Crawled caption data
== Segment start ==
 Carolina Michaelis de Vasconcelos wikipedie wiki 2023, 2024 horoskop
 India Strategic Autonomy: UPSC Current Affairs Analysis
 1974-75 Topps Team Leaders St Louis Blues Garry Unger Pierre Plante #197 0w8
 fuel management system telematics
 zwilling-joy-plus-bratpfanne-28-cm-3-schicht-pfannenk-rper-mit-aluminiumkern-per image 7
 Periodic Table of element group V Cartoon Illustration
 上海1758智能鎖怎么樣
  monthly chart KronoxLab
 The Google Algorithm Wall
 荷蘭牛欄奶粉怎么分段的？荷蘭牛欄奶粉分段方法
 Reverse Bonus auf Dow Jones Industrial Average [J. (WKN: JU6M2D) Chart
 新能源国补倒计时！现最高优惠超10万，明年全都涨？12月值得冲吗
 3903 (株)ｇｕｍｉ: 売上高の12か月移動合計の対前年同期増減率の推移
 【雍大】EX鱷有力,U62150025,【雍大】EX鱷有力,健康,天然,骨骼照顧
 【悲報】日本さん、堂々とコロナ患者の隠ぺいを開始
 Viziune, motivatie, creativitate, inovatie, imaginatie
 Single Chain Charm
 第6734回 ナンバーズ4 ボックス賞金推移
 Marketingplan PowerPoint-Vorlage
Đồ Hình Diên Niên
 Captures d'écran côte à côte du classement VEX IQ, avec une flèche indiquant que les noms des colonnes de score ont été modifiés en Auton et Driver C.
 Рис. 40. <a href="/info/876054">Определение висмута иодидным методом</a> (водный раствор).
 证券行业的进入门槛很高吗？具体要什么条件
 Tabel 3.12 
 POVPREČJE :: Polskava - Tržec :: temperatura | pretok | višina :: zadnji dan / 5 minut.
== Segment end ==
→ Aim of the task:
Starting at the line that has "第6734回 ナンバーズ4 ボックス賞金推移" and ending at the line that has "Рис. 40. <a", please write out the lines above exactly, leaving out all others.

→ Exercise answer:
 第6734回 ナンバーズ4 ボックス賞金推移
 Marketingplan PowerPoint-Vorlage
Đồ Hình Diên Niên
 Captures d'écran côte à côte du classement VEX IQ, avec une flèche indiquant que les noms des colonnes de score ont été modifiés en Auton et Driver C.
 Рис. 40. <a href="/info/876054">Определение висмута иодидным методом</a> (водный раствор).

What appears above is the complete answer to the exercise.